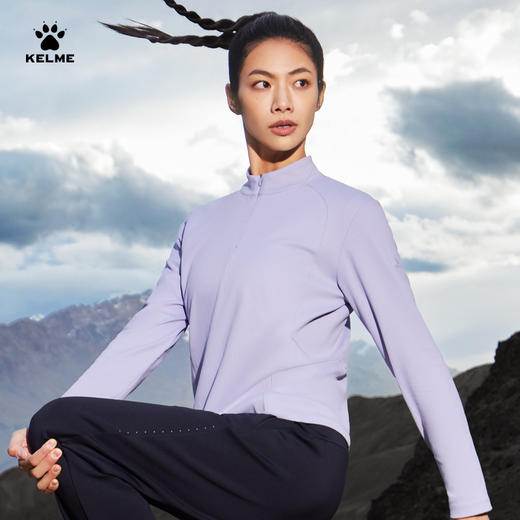 卡尔美秋季新款乘风燃跑系列女士半开襟长袖T恤 商品图0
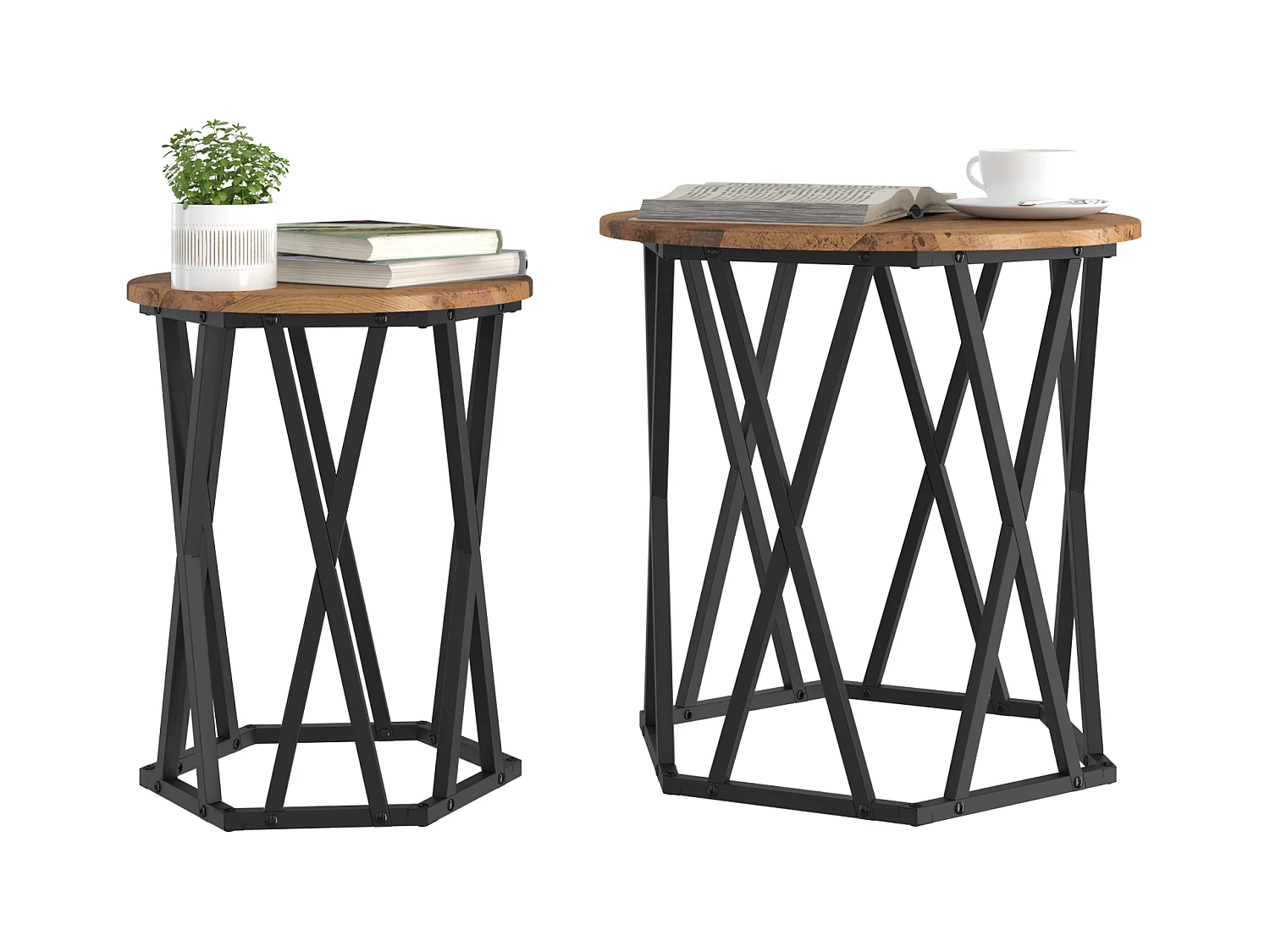 2-delige bijzettafel in antiek hout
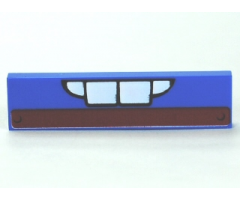Tile 1 x 4 with White Teeth and Dark Red Stripe Pattern (Ivan Mater)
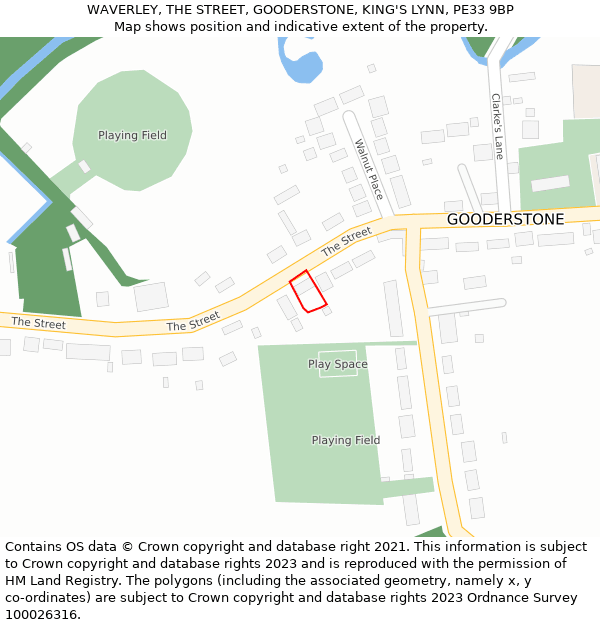 WAVERLEY, THE STREET, GOODERSTONE, KING'S LYNN, PE33 9BP: Location map and indicative extent of plot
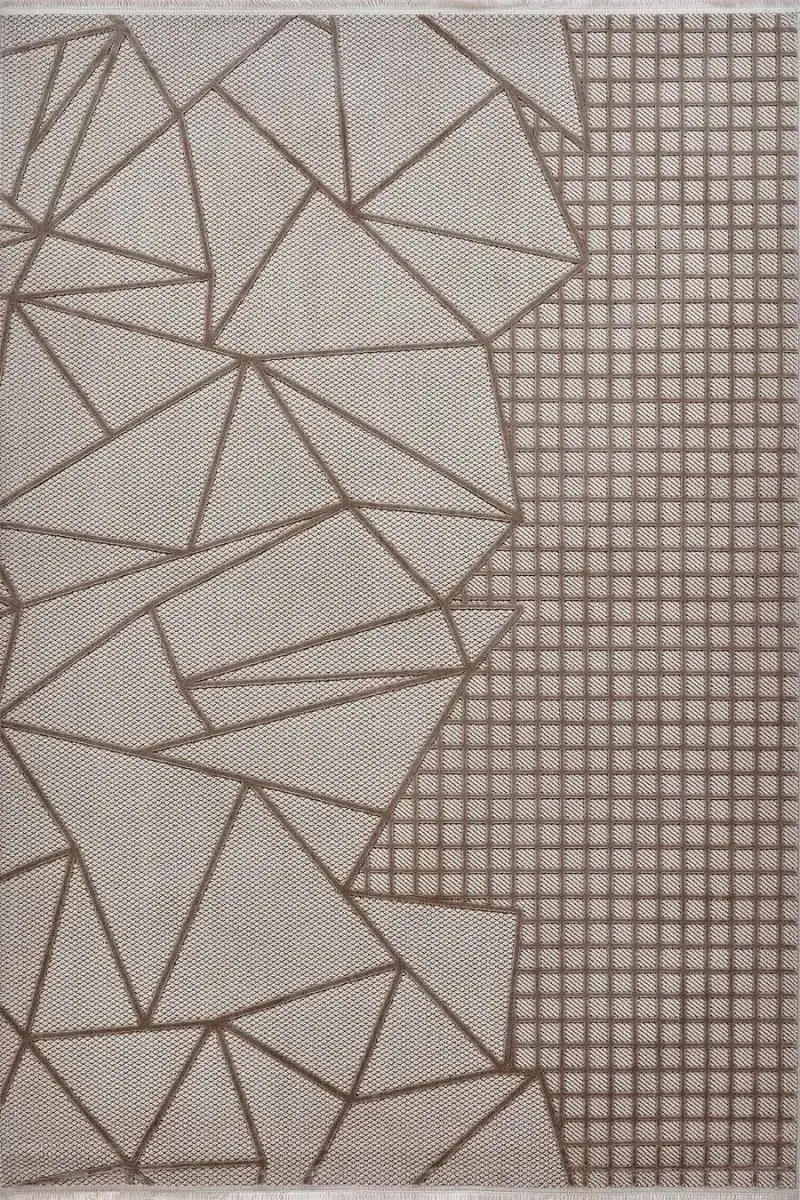 Deco Avior 17452 Dikdörtgen Geometrik Desenli Halı 80x000 - Bej 6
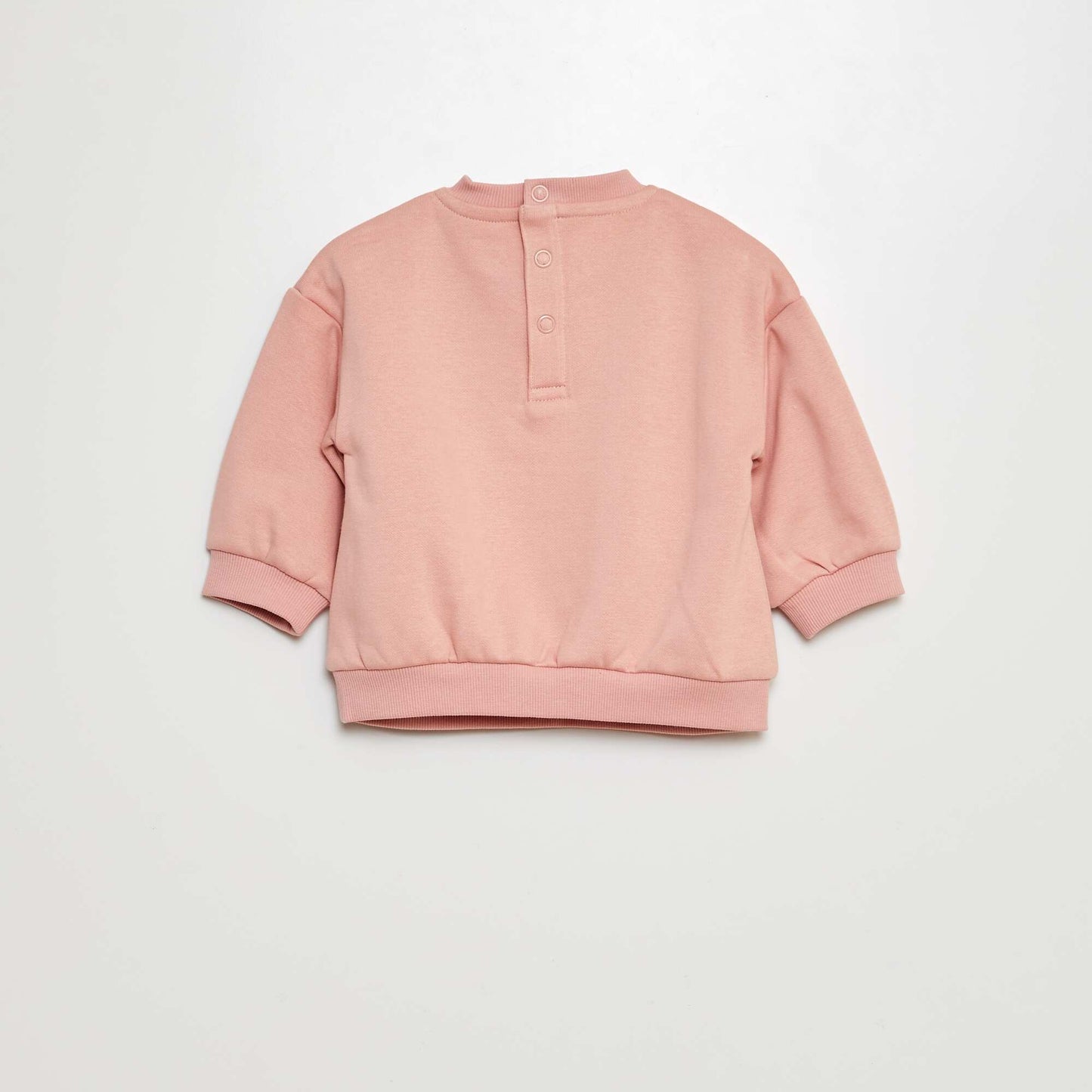 Ensemble jogging sweat + pantalon uni en molleton - 2 pièces ROSE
◇ ◇ ◇ ◇ ◇ ◇ ◇
▶ _What this task involves_
Copy all the lines of data exactly as they appear, dropping any images.

▶ _Solution to this exercise_
 卡尔美秋季新款乘风燃跑系列女士半开襟长袖T恤 商品图0
 2-delige bijzettafel in antiek hout
Tile 1 x 4 with White Teeth and Dark Red Stripe Pattern (Ivan Mater)
 WAVERLEY, THE STREET, GOODERSTONE, KING'S LYNN, PE33 9BP: Location map and indicative extent of plot
 Deco Avior 17452 Dikdörtgen Geometrik Desenli Halı 80x000 - Bej 6
 Ensemble jogging sweat + pantalon uni en molleton - 2 pièces ROSE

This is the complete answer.